India’s largest lender State Bank of India (SBI) on Friday reported a net profit of ₹16,884 crore for the three months through June, more than double of last year, led by a surge in other income and lower provisions to cover bad loans.
For the state-owned bank, the June quarter profit was its highest ever, beating the Bloomberg estimate of ₹15,032 crore.
The substantial annual increase in other income was on a low base, a result of mark-to-market (MTM) loss in Q1 of FY23. Its net interest income— the difference between interest earned and expended— rose 25% to ₹38,905 crore.
The bank’s domestic net interest margin (NIM), a key indicator of profitability, however, contracted 37 basis points (bps) sequentially but showed an improvement of 24 bps from the previous year to 3.47%.
Like its peers, SBI is also seeing the impact of its deposits repricing, an effect that kicks in with a lag.
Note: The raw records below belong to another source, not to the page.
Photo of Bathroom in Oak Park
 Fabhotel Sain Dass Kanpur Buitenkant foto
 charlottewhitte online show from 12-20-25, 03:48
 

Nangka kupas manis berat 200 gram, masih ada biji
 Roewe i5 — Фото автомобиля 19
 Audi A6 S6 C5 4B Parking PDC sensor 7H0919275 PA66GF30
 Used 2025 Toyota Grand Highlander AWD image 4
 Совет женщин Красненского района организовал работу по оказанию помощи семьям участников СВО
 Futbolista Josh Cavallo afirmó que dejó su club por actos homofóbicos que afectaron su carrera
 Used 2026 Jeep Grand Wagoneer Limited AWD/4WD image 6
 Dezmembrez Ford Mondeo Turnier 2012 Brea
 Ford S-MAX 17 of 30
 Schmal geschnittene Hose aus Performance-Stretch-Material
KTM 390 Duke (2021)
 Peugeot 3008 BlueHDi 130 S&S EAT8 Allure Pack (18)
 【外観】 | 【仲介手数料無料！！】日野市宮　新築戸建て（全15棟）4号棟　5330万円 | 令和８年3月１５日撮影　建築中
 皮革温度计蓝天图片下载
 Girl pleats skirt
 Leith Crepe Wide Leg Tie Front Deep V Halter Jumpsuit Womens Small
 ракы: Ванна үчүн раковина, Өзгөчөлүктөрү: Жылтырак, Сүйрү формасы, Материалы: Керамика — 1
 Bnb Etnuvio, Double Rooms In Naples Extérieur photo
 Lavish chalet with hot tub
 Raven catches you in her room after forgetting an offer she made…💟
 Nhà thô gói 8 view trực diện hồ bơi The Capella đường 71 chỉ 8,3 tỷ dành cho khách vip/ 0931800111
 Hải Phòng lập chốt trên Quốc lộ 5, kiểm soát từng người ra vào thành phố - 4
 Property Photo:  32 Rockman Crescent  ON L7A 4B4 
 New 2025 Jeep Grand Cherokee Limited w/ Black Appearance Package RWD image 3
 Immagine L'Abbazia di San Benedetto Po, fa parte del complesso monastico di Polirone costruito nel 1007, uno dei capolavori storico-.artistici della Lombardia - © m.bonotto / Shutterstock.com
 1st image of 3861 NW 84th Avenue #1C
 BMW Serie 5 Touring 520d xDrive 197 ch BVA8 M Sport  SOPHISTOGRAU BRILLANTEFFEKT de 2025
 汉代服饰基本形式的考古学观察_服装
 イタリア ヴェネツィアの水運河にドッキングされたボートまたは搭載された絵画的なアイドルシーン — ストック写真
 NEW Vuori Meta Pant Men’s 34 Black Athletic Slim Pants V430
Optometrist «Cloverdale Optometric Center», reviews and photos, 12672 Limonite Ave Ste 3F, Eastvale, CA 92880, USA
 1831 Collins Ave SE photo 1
The bank’s cost of domestic deposits increased 56 bps sequentially to 4.55%.
“NIM is always dynamic because the yield on advances will keep on changing and the cost of deposits will also keep on changing,” said Dinesh Khara, chairman, SBI.
“We are very mindful that we should try to have a decent NIM, which also means we should not unnecessarily overprice our borrowers and should not underpay our depositors.”
While asset quality improved in Q1, with gross bad loans as a percentage of total loans declining 2 bps sequentially and 115 bps y-o-y, its fresh slippages rose sequentially. SBI reported fresh slippages of ₹7,659 crore in Q1 FY24, as against ₹3,185 crore in the March quarter and ₹9,740 crore in the June quarter last year.
The lender’s special mention accounts (SMA), an indicator of incipient stress, rose from ₹3,260 crore in the March quarter to ₹7,221 crore as on 30 June.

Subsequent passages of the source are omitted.